I would look at smaller startups that might make it easy to just escalate to the CEO if you have a good explanation, rather than having an HR department stop you right away.
EDIT: I thought assault meant physical violence, but not harm while battery meant harm. I was wrong I guess?
Physical violence is battery.
https://www.law.cornell.edu/wex/assault_and_battery
"Assault refers to the wrong act of causing someone to reasonably fear imminent harm. This means that the fear must be something a reasonable person would foresee as threatening to them. Battery refers to the actual wrong act of physically harming someone."
"The legal definition of assault is an intentional act that gives another person reasonable fear that they'll be physically harmed or offensively touched. No physical contact or injury has to actually occur, but the accused person must have intentionally acted in a way to cause that fear."
https://vindicatelaw.com/assault-vs-battery-are-they-the-sam...
Apparently public urination can overlap with indecent exposure, depending on the situation, and the latter can result in a sex offender registry.
You hear the concept a lot, because it's a cover - "I'm on the sex offenders list, but I was just peeing.

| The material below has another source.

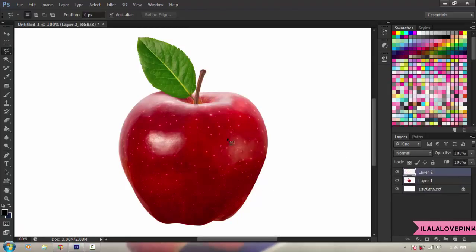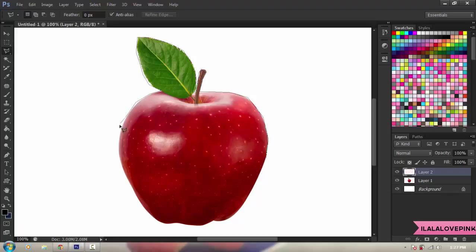You're gonna create a new layer and then get your Polygonal Lasso Tool and just trace the rough outline of the apple. It doesn't need to be perfect — it actually looks better if it isn't perfect, because you can see the polygons and the lines coming out. That's what I'm doing right now.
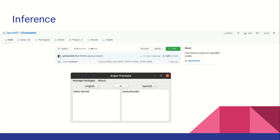Argos Translate also supports pivoting through an intermediate language to perform translations that aren't directly installed. For example, if Portuguese-to-English and English-to-Korean models were installed, you could translate from Portuguese to Korean by passing through English.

Didn't realize it was a playground, whoops!" is different from the true "I raped a girl, and despite the incredibly high burden of proof in that charge I was convicted, and now I have to tell you about it because I moved next door."
Look on the registry yourself - you won't see anyone on there for peeing in public: https://www.nsopw.gov/
What burden of proof?
This is a crime where you can be accused of having committed it several years in the past, with no supporting evidence of any kind, and convicted for no other reason than that you give someone a "rapist" vibe.
https://www.law.umich.edu/special/exoneration/Pages/casedeta...
Example: "I'm gonna shoot you" is legally assault in my jurisdiction. "Someone should shoot you": not assault.